3. Otra aventura era
subir al muro, metiendo la punta de los pies entre las piedras (nadie te
ayudaba, cada uno tenía que arreglárselas). Una vez que conseguías subir y
ponerte de pie, empezabas a caminar lentamente por esas alturas (con mucho
miedo a caerte) pero cuando ibas cogiendo confianza comenzabas a correr por
encima de las losas, hacías la esquina derrapando y acababas saltando las entradas
como un atleta. Aunque esto parezca algo sencillo y rápido era una meta que se
lograba en varios años ya que los primeros intentos de escalar el muro se
producía a los 3 o 4 y hasta los 7 u 8 no traspasabas las entradas
sobradamente. La entrada principal era muy delicada ya que tenía las piedras
redondeadas y un error de cálculo al saltar conllevaba un elevado peligro para
ciertas partes muy delicadas, en caso de un resbalón lateral.

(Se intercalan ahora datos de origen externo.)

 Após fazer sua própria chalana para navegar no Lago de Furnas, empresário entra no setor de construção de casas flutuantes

4. Pero la mayor hazaña consistía en coronar el
campanario y también se empleaban varios años, excepto cuando te llevaba de la
mano un adulto. Esta proeza se desarrollaba en tres etapas: en la primera
debías ascender (si eras pequeño “a gatas” y luego erguido) las piedras más
grandes, situadas hasta que hace esquina.

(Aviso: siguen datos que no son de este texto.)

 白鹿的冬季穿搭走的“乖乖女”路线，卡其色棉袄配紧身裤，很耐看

El segundo tramo te llevaba a superar el tejado y comprendía las
escaleras de piedras más pequeñas que enlazaban con la escalinata de madera, al
final; este tramo era el más peligroso por el canguelo que ibas acumulando y
por estar deteriorado a propósito por nuestros mayores (no lo arreglaban) pues
pensaban que así no subiríamos; no se daban cuenta que era cuestión de tiempo y
un reto a nuestra intrepidez. Desde el campanario se disfrutaban de sensaciones
únicas para un niño: la altura del suelo (distinta a que si ves el pueblo desde
el Hoyo de la cuesta), la cercanía de las cigüeñas (especialmente cuando
“machacaban el ajo”) y cuando subía a repicar las campanas con mi padre. Ah, y
la satisfacción de llegar a la cima que se certificaba con un suave toque de
campana para que lo oyera y nos viera algún vecino, el cual certificaría hecho;
aunque luego se chivara a tus padres y te supusiera un correctivo.
Aunque el agua haya borrado nuestro entorno, nos
queda la nueva iglesia como testimonio de nuestras vivencias y nos trae
recuerdos inolvidables para quienes tuvimos el privilegio de coincidir en este
lugar durante un tiempo que, ojalá, hubiera sido más duradero.